■ TRY IT
For each line below, print it again exactly as shown.
== Segment start ==
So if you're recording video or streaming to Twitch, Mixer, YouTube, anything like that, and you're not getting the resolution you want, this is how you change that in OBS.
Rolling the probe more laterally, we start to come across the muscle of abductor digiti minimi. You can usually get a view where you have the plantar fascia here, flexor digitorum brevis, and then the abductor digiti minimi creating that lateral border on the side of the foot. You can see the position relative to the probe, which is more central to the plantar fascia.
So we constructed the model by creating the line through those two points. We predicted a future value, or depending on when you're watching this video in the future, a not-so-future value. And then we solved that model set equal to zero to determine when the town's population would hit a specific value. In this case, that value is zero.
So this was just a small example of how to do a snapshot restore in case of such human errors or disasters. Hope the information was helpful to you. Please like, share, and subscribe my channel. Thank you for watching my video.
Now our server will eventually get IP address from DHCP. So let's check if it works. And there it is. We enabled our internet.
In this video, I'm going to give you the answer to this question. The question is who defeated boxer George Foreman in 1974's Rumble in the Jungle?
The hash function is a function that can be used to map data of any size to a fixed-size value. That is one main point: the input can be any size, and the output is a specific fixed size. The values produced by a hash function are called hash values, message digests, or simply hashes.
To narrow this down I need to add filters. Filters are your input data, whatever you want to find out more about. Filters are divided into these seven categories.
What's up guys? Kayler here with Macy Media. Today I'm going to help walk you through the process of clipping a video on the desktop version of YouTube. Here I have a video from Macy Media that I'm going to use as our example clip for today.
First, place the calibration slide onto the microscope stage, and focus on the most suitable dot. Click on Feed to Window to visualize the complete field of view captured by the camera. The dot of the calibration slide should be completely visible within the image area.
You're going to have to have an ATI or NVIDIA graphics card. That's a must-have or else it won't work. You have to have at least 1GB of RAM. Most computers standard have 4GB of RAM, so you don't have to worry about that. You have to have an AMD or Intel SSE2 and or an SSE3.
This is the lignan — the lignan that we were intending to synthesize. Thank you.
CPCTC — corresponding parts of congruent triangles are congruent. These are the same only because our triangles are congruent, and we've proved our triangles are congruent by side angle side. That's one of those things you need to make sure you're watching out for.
== Segment end ==
■ OUTPUT OF THE TASK
So if you're recording video or streaming to Twitch, Mixer, YouTube, anything like that, and you're not getting the resolution you want, this is how you change that in OBS.
Rolling the probe more laterally, we start to come across the muscle of abductor digiti minimi. You can usually get a view where you have the plantar fascia here, flexor digitorum brevis, and then the abductor digiti minimi creating that lateral border on the side of the foot. You can see the position relative to the probe, which is more central to the plantar fascia.
So we constructed the model by creating the line through those two points. We predicted a future value, or depending on when you're watching this video in the future, a not-so-future value. And then we solved that model set equal to zero to determine when the town's population would hit a specific value. In this case, that value is zero.
So this was just a small example of how to do a snapshot restore in case of such human errors or disasters. Hope the information was helpful to you. Please like, share, and subscribe my channel. Thank you for watching my video.
Now our server will eventually get IP address from DHCP. So let's check if it works. And there it is. We enabled our internet.
In this video, I'm going to give you the answer to this question. The question is who defeated boxer George Foreman in 1974's Rumble in the Jungle?
The hash function is a function that can be used to map data of any size to a fixed-size value. That is one main point: the input can be any size, and the output is a specific fixed size. The values produced by a hash function are called hash values, message digests, or simply hashes.
To narrow this down I need to add filters. Filters are your input data, whatever you want to find out more about. Filters are divided into these seven categories.
What's up guys? Kayler here with Macy Media. Today I'm going to help walk you through the process of clipping a video on the desktop version of YouTube. Here I have a video from Macy Media that I'm going to use as our example clip for today.
First, place the calibration slide onto the microscope stage, and focus on the most suitable dot. Click on Feed to Window to visualize the complete field of view captured by the camera. The dot of the calibration slide should be completely visible within the image area.
You're going to have to have an ATI or NVIDIA graphics card. That's a must-have or else it won't work. You have to have at least 1GB of RAM. Most computers standard have 4GB of RAM, so you don't have to worry about that. You have to have an AMD or Intel SSE2 and or an SSE3.
This is the lignan — the lignan that we were intending to synthesize. Thank you.
CPCTC — corresponding parts of congruent triangles are congruent. These are the same only because our triangles are congruent, and we've proved our triangles are congruent by side angle side. That's one of those things you need to make sure you're watching out for.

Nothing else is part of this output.